Why we use unique partial indexes
We use a lot of unique partial indexes, like this one:
CREATE UNIQUE INDEX ON omicron.public.silo (
name
) WHERE
time_deleted IS NULL;
The index is unique because we don't want to allow two Silos to have the same name. The index is a partial index because of soft deletes. The index should only include non-deleted Silos (time_deleted IS NULL). This is important because otherwise if someone deleted a Silo, the index would (erroneously) prevent us from ever using its name again. RFD 192 talks about all this.
ON CONFLICT
There are times when you want to INSERT a row into a table, and if the INSERT would violate a uniqueness constraint, then you want to ignore the error. For example, consider this index on silo_group:
CREATE UNIQUE INDEX ON omicron.public.silo_group (
silo_id,
external_id
) WHERE
time_deleted IS NULL;
When a user successfully logs into the console using an identity provider (IdP), the IdP may provide us a list of groups that the user is in. That's the first time we may learn about these groups. We want to create records in silo_group for any groups that do not already exist. A good way to do this is INSERT INTO silo_group (...) VALUES (...) ON CONFLICT ... DO NOTHING. This causes the database to create the record if it doesn't exist, but not fail the query (or, more importantly in this case, the surrounding transaction) if the record already exists.
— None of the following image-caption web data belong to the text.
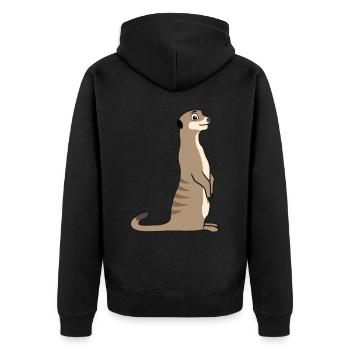 Cadeau d’amoureux des suricates Drôles d’animaux - Veste à capuche bio Premium Unisexe - noir - Dos - Nico (187cm)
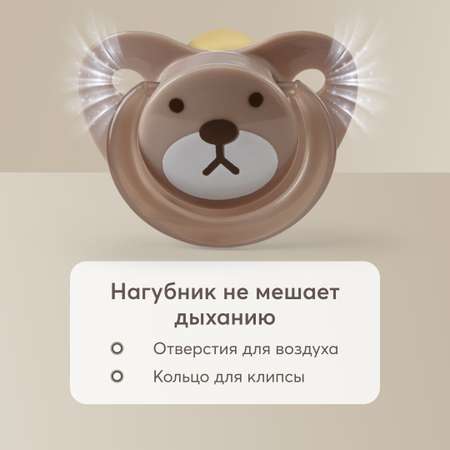 Пустышка Happy Baby с колпачком с 0месяцев 13022 bear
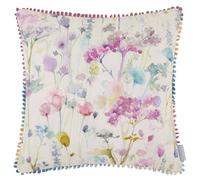 Voyage Maison Ilinzas Feather Filled Cushion - Watercolour Meadow Floral Tie-Dye Trim Cotton Country Décor (Summer - 50x50cm)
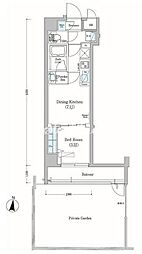 都営新宿線 森下駅 徒歩5分の賃貸マンション 1階1DKの間取り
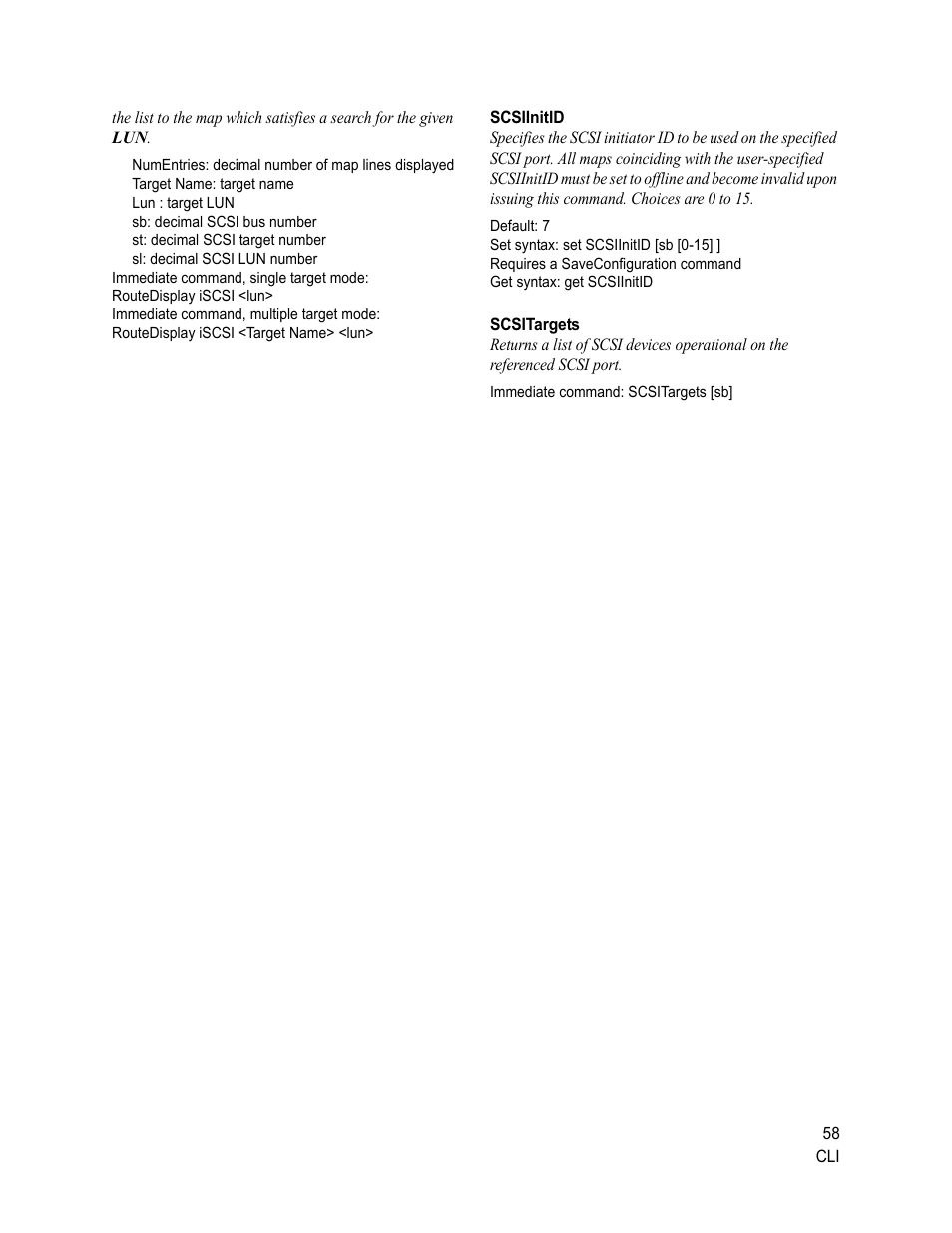 Scsiinitid, Scsitargets, Scsiinitid scsitargets | ATTO Technology 2500C User Manual | Page 67 / 77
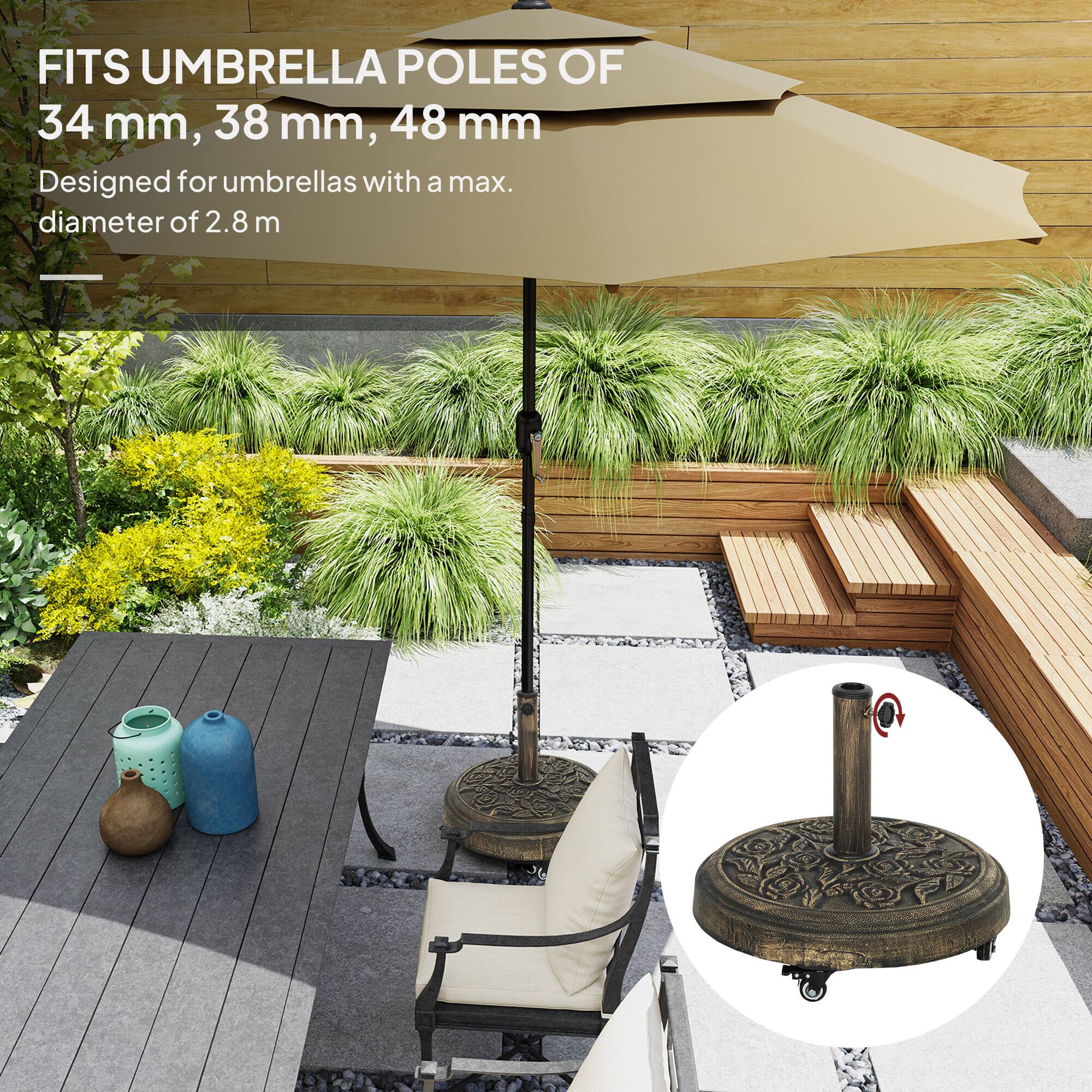 FITS UMBRELLA POLES OF 34 mm, 38 mm, 48 mm
Designed for umbrellas with a max. diameter of 2.8 m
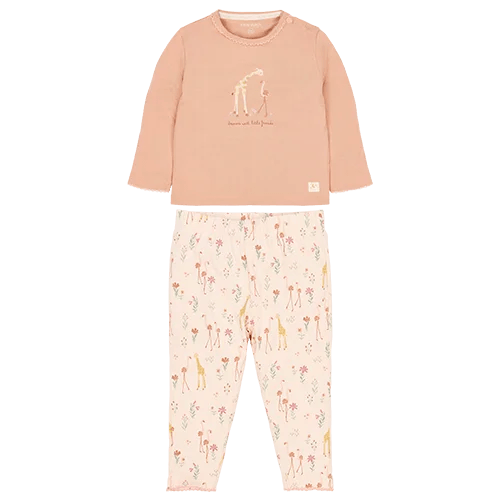 Little Dutch | Pyjama Girls Safari Friends Flamingo Deep Pink 2-delig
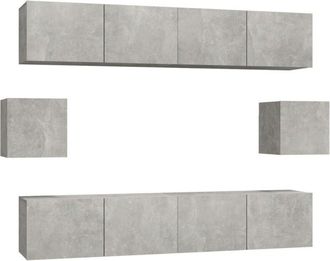 vidaXL Vidaxl - 6 Piece tv Cabinet Set Concrete Grey Engineered Wood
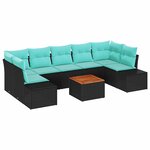 vidaXL Ensemble de canapé de jardin 8 Pièces Noir et turquoise polyrotin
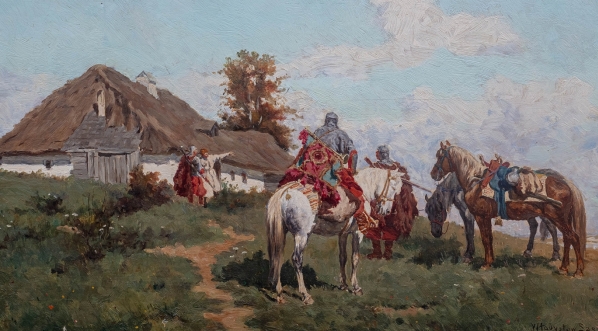  "Jeźdźcy przed chatą" Władysława Karola Szernera.  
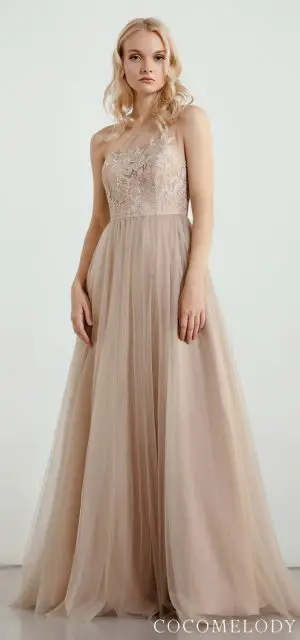 One shoulder Bridesmaid Dress Trends by Cocomelody 2020 - RB0298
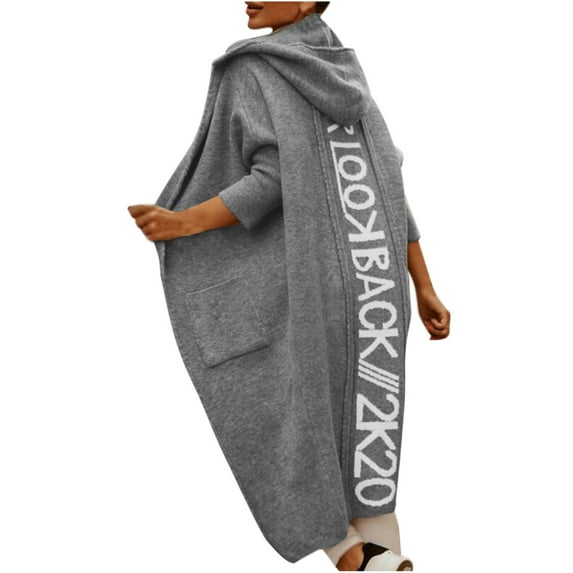 Aoochasliy Womens Blazer Jacket Clothes Long Sleeve Overcoat Tops Mid-length Cardigan Knitted Sweater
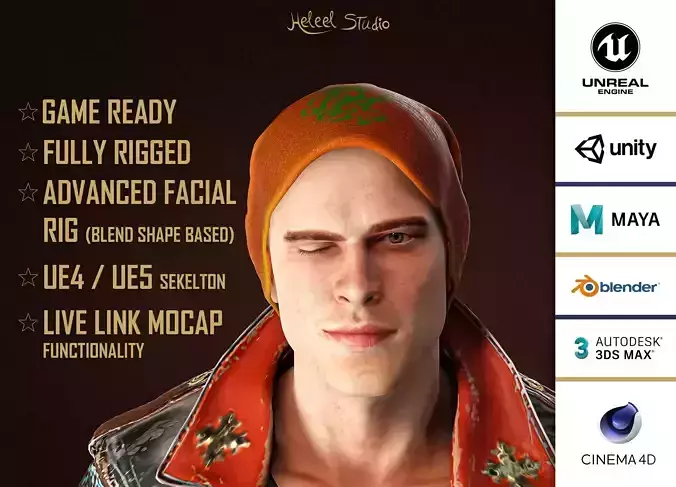 High Quality Funky Man Low-poly 3D model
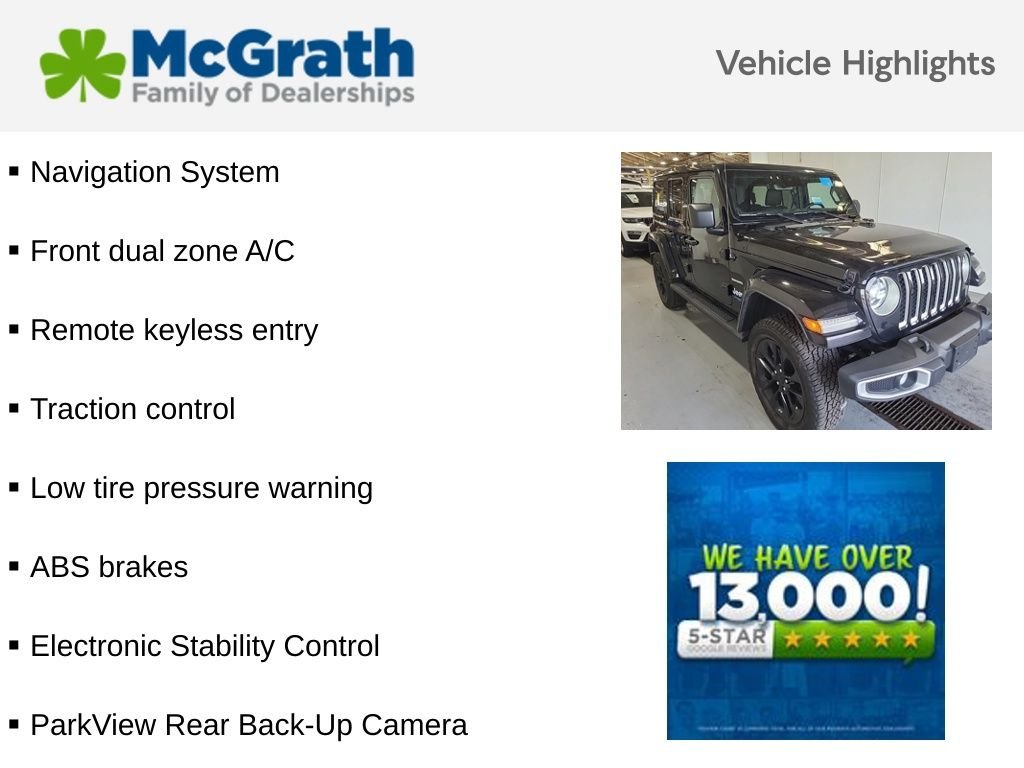 Used 2021 Black Jeep Unlimited Sahara 4xe image 7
(This is much better than, say, trying to SELECT the silo_group first and then writing an INSERT only if you don't find it. If you don't do this in one transaction, there's a race: you might not find the silo_group, but it's present when you go to insert it. Then your query fails spuriously sometimes. If you do do this in a transaction, then it has all the problems of interactive transactions in RFD 192, plus we're doing two queries instead of one to do the same work. It's clearly much cleaner and more efficient to just issue one INSERT ... ON CONFLICT ... DO NOTHING.)
CockroachDB support for ON CONFLICT
While looking into this, I found a few Cockroachdb issues and PRs related to this:
- support for ON CONFLICT with unique partial indexes: issue, pr. Introduced in 22.1 (newer than what we're using right now). This requires the syntax
ON CONFLICT (columns...) WHERE partial_index_where_clause....
- support for ON CONFLICT ON CONSTRAINT: issue, pr. This turns out not to work for partial indexes.
CockroachDB appears to support:
UPSERT, but "UPSERT does not let you specify the column(s) with the unique constraint; it always uses the column(s) from the primary key" which is not what we want here.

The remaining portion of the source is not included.